First on the agenda was the RSU 39 audit report. The Board Finance Subcommittee reported on their review of the 2012-13 audit with news that it was clean and, “everything looks great,” agreed board member Kent Forbes. The Audit Report was accepted unanimously.
Susan White, Limestone Community School principal, was at the Dec. 18 meeting to give a presentation explaining the progress the school has made as a Title 1 school, as well as information on LCS’s status as a Priority School.
It all began last August when Maine was granted a waiver to the No Child Left Behind sanctions. The waiver includes a protocol for schools that don’t make enough yearly progress in reading and math.
“It allows growth targets to be set for individual schools rather than deciding those things on statewide level,” said White.
“However, the waiver still had to have pretty stringent protocol and we’re still expected to make adequate yearly progress,” she said.
The bottom 10 percent of Title 1 schools testing in math and reading are broken up into two groups: Focus Schools (lowest 10 percent) and Priority Schools (lowest 5 percent). This lowest 5 percent is where LCS falls on the Title 1 continuum.
“We needed a 46 percent increase in reading and math to jump to a Focus School, but we only showed a 39 percent growth. So, as you can see we still missed it by quite a bit,” said White.
Limestone Community School is the only Title 1 school in Aroostook County and they have recently started working with a web-based program called Indistar. It is a system implemented by a school district or charter school for use with school improvement teams to “inform, coach, sustain, track, and report improvement activities.”
The program allows students as well as teachers to assess where they are in the learning process and what they need to do to reach their ultimate goal. They provide indicators of evidence-based practices at the district, school, and classroom levels to improve student learning. The system is also customizable, so that the client can populate or enhance the system with its own indicators of effective practice, while also providing rubrics for assessment of the indicators.
What does this mean for The Limestone Community School in the near future? “For this year it’s a matter of deciding which indicators will be in our plan, and to achieve 15 of the 51,” said White, “this first year is a planning year. We must first deeply evaluate and assess the 15 first-year indicators. Then, create our one-year improvement plan.”

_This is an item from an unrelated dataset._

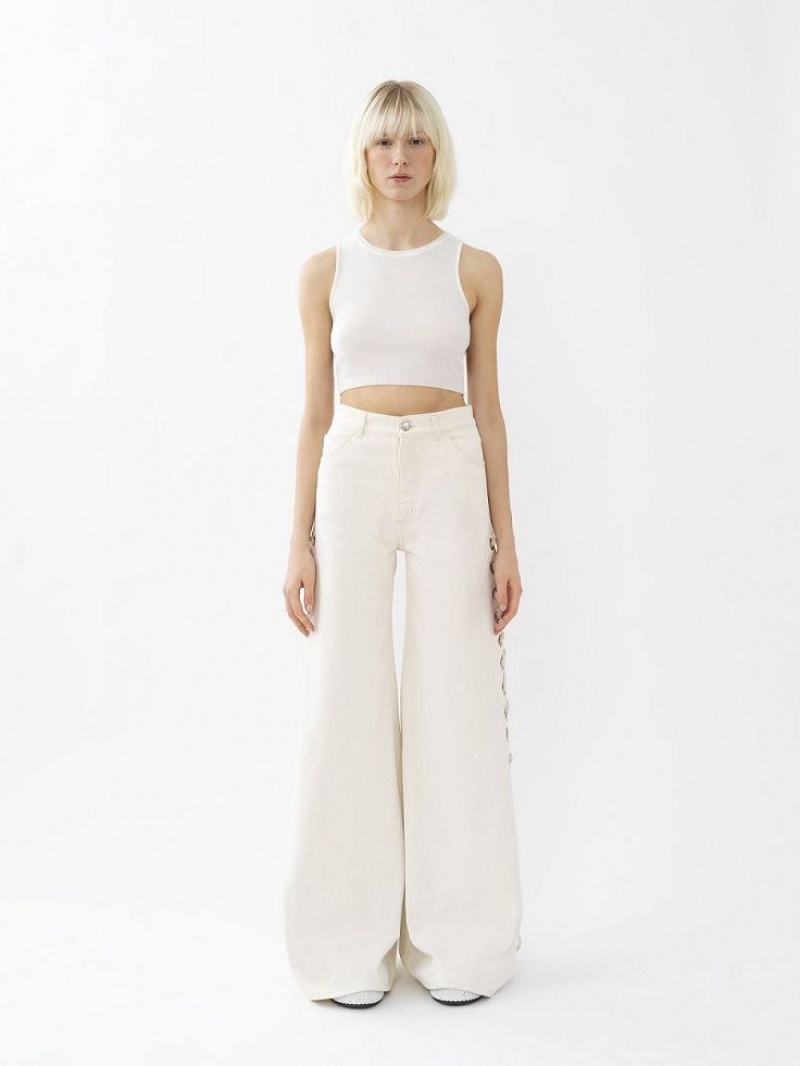 Chloe Cropped Strickwaren Weiß | CHE-SR13938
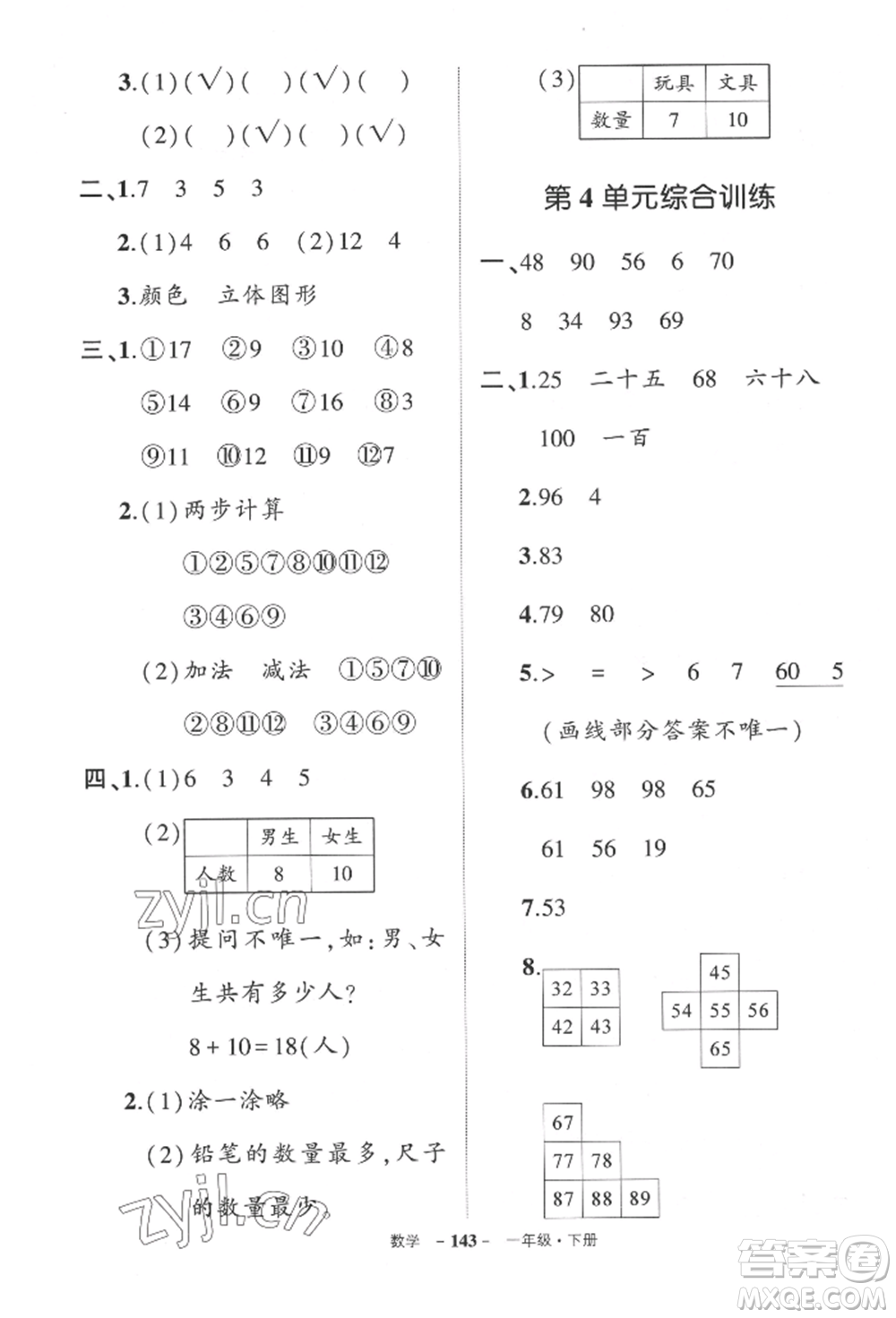 武汉出版社2022状元成才路创优作业100分一年级下册数学人教版贵州专版参考答案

One of the other major steps the school will be taking is putting in place a leadership team. “We’ve put a Priority School Leadership Team in place, which has representation from all three levels: guidance, administration and Title 1 Special Ed. We’ve also had a Department of Education coach assigned to us, who will be our connection to the DOE,” said White.
The school will be receiving a $20,000 planning grant for this year. “That money will go towards things like travel expenses for mandatory principal meetings and trainings. Priority School principals must attend, as well as things like substitute teachers,” said White.
The Title 1 program will be broken down into a three-year plan, but when that plan officially begins, is still yet to be announced.
In other business, the school board discussed the issue of whether or not to keep harvest break and did the best they could with the results of their harvest survey. It was no surprise the students were overwhelmingly for the maintaining of harvest break, but two thirds of staff and parents were opposed to the break. As for the farmers, “only twenty of the forty-four farmers in our survey pool responded, but overall 90 percent of the farmers and students value and are in favor of harvest,” said Superintendent Frank McElwain. “Farmers say ‘we need them.’ The majority of them think students are integral to their success.”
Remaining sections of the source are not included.